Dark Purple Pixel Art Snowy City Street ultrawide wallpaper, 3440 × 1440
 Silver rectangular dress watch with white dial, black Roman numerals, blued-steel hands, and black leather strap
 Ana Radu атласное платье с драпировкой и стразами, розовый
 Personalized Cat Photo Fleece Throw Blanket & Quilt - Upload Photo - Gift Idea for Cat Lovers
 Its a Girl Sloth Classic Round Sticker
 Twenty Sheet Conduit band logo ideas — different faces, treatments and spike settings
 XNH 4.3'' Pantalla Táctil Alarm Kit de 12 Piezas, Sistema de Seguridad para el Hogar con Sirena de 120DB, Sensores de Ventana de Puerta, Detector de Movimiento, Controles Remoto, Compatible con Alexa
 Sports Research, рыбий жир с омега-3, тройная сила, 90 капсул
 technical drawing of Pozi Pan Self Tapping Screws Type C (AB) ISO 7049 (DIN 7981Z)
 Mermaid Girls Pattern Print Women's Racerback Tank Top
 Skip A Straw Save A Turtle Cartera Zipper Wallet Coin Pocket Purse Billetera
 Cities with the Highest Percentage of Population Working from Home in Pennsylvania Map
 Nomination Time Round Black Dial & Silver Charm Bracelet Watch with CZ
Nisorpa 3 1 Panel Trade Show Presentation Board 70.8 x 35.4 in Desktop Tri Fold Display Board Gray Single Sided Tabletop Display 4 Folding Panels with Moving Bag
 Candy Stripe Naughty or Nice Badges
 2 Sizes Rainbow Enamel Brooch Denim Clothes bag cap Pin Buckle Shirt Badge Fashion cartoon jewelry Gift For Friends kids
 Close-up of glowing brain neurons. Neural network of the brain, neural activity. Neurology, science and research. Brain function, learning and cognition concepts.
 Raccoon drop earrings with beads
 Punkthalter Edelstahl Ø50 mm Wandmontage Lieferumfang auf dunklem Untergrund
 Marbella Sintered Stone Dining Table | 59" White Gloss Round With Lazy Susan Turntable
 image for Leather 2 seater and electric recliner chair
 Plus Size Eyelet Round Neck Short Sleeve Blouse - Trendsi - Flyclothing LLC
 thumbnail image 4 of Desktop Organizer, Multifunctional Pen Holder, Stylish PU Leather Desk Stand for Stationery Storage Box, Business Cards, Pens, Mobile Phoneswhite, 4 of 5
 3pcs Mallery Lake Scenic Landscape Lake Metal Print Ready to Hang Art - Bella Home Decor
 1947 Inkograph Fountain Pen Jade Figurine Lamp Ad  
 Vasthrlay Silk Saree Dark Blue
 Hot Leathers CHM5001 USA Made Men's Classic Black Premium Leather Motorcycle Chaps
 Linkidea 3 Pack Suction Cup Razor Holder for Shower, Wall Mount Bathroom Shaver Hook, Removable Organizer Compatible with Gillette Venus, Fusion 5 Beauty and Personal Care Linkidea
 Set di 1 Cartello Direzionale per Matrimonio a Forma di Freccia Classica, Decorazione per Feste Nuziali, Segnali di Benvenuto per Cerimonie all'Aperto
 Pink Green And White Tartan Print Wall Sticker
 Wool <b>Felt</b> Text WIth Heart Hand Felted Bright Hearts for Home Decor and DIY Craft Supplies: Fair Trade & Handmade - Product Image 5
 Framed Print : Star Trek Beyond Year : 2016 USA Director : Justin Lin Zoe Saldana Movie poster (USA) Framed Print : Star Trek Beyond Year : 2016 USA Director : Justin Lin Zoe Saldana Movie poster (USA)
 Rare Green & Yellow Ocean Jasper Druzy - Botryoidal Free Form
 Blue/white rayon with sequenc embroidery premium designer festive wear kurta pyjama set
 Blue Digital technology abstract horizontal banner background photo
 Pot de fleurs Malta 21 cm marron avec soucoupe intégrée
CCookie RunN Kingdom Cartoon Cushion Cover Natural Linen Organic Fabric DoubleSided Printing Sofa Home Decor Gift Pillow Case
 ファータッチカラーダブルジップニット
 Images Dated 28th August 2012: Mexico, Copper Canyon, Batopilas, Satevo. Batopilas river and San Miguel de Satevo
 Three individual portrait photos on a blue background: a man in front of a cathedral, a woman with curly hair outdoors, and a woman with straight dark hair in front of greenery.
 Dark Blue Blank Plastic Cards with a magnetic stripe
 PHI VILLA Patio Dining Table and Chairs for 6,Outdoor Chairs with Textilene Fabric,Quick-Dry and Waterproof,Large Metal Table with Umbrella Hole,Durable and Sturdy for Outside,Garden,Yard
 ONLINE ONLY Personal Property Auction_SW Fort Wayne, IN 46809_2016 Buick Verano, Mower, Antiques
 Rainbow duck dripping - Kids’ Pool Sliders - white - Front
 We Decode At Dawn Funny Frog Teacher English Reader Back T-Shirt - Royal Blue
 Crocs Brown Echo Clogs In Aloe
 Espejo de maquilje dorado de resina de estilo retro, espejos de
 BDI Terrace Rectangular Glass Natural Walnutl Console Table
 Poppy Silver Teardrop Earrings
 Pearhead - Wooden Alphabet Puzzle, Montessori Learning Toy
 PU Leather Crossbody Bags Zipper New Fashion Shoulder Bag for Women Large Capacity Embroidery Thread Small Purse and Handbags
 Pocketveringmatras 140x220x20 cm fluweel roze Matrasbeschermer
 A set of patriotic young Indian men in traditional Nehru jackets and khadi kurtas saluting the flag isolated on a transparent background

**ASSIGNMENT**
Please print, exactly and with nothing else, the lines from the first line of the entries through the line containing "Twenty Sheet Conduit".

**FINISHED EXERCISE**
Dark Purple Pixel Art Snowy City Street ultrawide wallpaper, 3440 × 1440
 Silver rectangular dress watch with white dial, black Roman numerals, blued-steel hands, and black leather strap
 Ana Radu атласное платье с драпировкой и стразами, розовый
 Personalized Cat Photo Fleece Throw Blanket & Quilt - Upload Photo - Gift Idea for Cat Lovers
 Its a Girl Sloth Classic Round Sticker
 Twenty Sheet Conduit band logo ideas — different faces, treatments and spike settings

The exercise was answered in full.